Beim Konzept der Zeitreise zieht nicht nur der tote Gegenstand ( Lok und Wagen), sondern die Bewegung (sie fährt) und das Mitwirken (ich bin dabei). Dieser Dreiklang zieht die Menschen an, bei Bedarf werden die Areale auch einmal in der Nacht bespielt.

Ein anderes Beispiel neben dem restaurierten Bahnhof sind die Vogtsbauernhöfe bei Gutach (Kreis Ortenau). Eine Sammlung alter Bauernhäuser zieht jährlich rund 220.000 Besucher an (2016). Wie sie das schafft? Die alten Gemäuer werden genutzt, Besucher können sich verkleiden, alte Handwerke ausüben, mitmischen.

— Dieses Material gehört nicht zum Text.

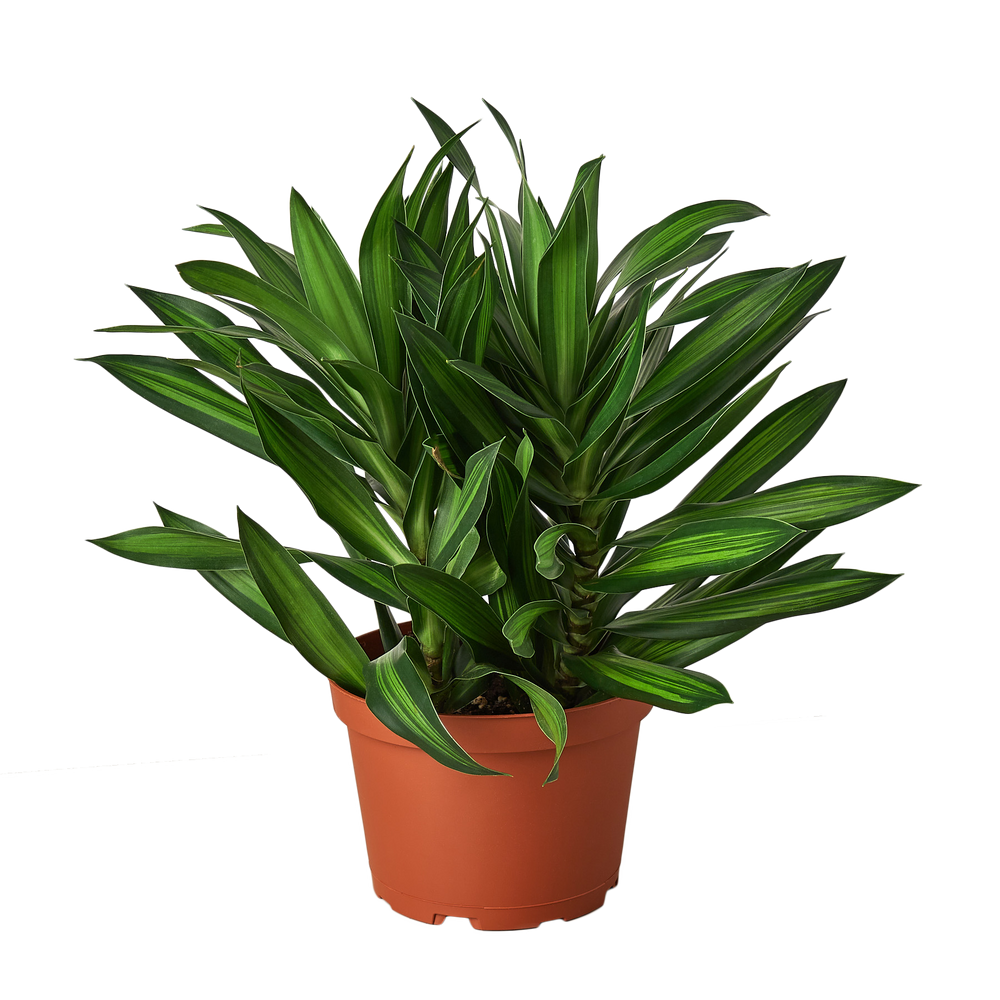 Dracaena 'Song of Jamaica'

Ein Ort zum Mitmachen: Die Museumswerkstatt in den Vogtsbauernhöfen.
Ein Ort zum Mitmachen: Die Museumswerkstatt in den Vogtsbauernhöfen. | Bild: diverse

Das Freilichtmuseum bei Neuhausen ob Eck (Kreis Tuttlingen) macht es ähnlich – vom Blasmusiktreffen bis zum Fuhrmannstag mit Rössern, die Holz rücken.